Jim writes:
This might be of interest to anyone wanting to use an 82 block with a later Model vanagon, or for anyone wanting to get away from the stick-in-the filler tube setup.
A few weeks back I wrote that I had carefully studied and measured the dipstick tube on my vanagon-specific NA diesel and was trying to make another one out of brake line for the 82 vanagon-specific block I was building.
What makes the blocks specific to the years is the treatment of the “dipstick” hole in the side of the block. With the 82 block, the hole is plugged with an aluminum piece, and the dipstick assembly is part of the oil filler tube.
I was going to use the dipstick tube out of the original 83 engine after knocking the aluminum plug out of the 82, but upon careful inspection, it isn’t that simple.
The machining in both holes is different. The 83 has a larger top part—the holes are step- drilled so that the bulge in the dipstick tube will seat at the step, assuring that the marks on the dipstick itself are the correct distance from the bottom of the pan and thereforeread accurately.
The bulge in the dipstick tube on the 83 will not even fit into the 82 hole at all without grinding it down, which would thin the tube walls, making it weak and ruining for further use in an 83.
So here’s what I did:
Start with a 7.5 mm steel brake line 36 inches long, and while you’re buying it get a brass compression fitting that just barely fits over it. They make one that’s perfect, you just have to try a couple of sizes to find it.
Cut off the flanges on both ends of the tube. slide the compression fitting over one end and touch a grinder with the fitting so that it grinds concentrically as the fitting is spinning on the tube. It doesn’t take much, you want a nice fit so be careful
Push the fitting up from what will be the bottom of the tube so that the bottom of the ferrule is 30mm (7 and 5/8 inches) from the bottom. This has to be exact. Now mark the top and bottom position of the fitting and use a small file to clean the metal of the tube where it will sit. Now solder it in place.
Slip a coil spring type pipe bender over the tube and bend it to shape by hand (I think I’ve already posted a picture of the proper bend photographed against a 1 inch grid for reference). The curve should be smooth, but it doesn’t have to be particularly faithful to the original for the setup to work.

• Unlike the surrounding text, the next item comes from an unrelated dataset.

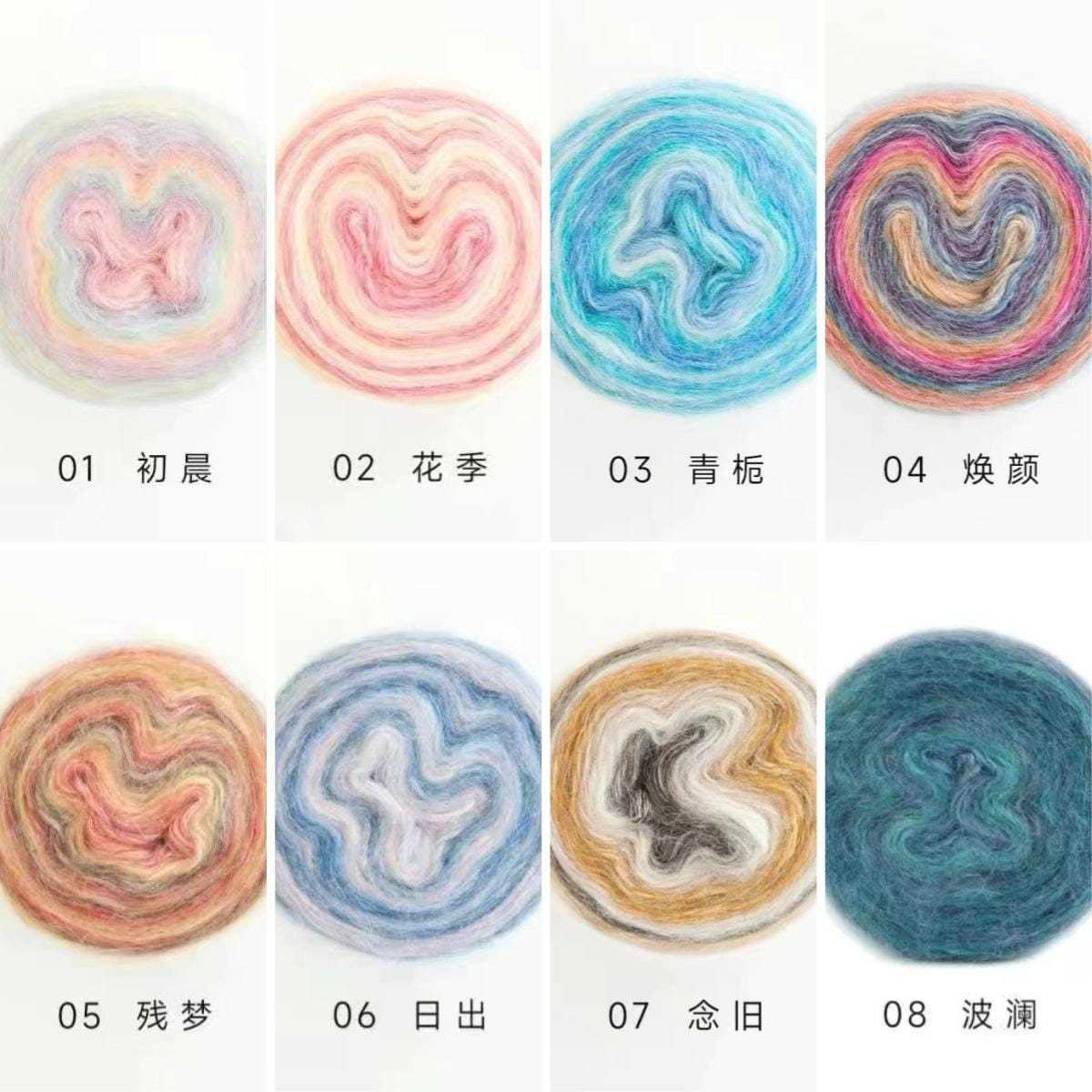 Fil de soie mohair teint à la main arc-en-ciel : dentelle légère (50 g 100 m)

What DOES have to be accurate is the distance of the compression fitting from the bottom of the tube, and the length of the tube overall.
Go to a junkyard and get any VW gas or diesel dipstick where the orange plastic piece snaps over the end of the tube. Unsnap it and throw away the tube, you are going to put the plastic piece on the end of the tube after bending the pipe, and cut the tube several times until the dipstick (dealer item if you don’t have one) protrudes from the end of the tube exactly two millimeters.

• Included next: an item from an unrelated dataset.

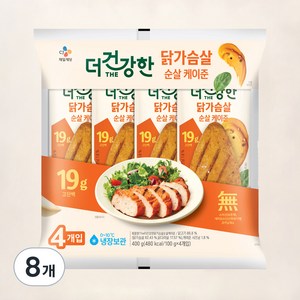 THE더건강한 닭가슴살 순살케이준, 100g, 8개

Once done, drop this into the dipstick hole in your block and seal with black permatex. Behind the alternator, under the nut, drill and trim a hadware store angle bracket to fit under the nut. I bent the top, flat part of this to conform to the roundness of the tube and secured the tube to the bracket with a hose clamp.
After putting 3.5 quarts of oil in the car, the dipstick shows the level exactly halfway between the marks.